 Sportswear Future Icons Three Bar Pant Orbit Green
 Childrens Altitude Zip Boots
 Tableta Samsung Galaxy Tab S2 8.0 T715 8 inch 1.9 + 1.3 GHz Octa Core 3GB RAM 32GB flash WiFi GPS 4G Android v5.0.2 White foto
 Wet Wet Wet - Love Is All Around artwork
#####
TASK GOAL
Exactly reproduce every line of the data above.

WRITTEN RESPONSE
 Sportswear Future Icons Three Bar Pant Orbit Green
 Childrens Altitude Zip Boots
 Tableta Samsung Galaxy Tab S2 8.0 T715 8 inch 1.9 + 1.3 GHz Octa Core 3GB RAM 32GB flash WiFi GPS 4G Android v5.0.2 White foto
 Wet Wet Wet - Love Is All Around artwork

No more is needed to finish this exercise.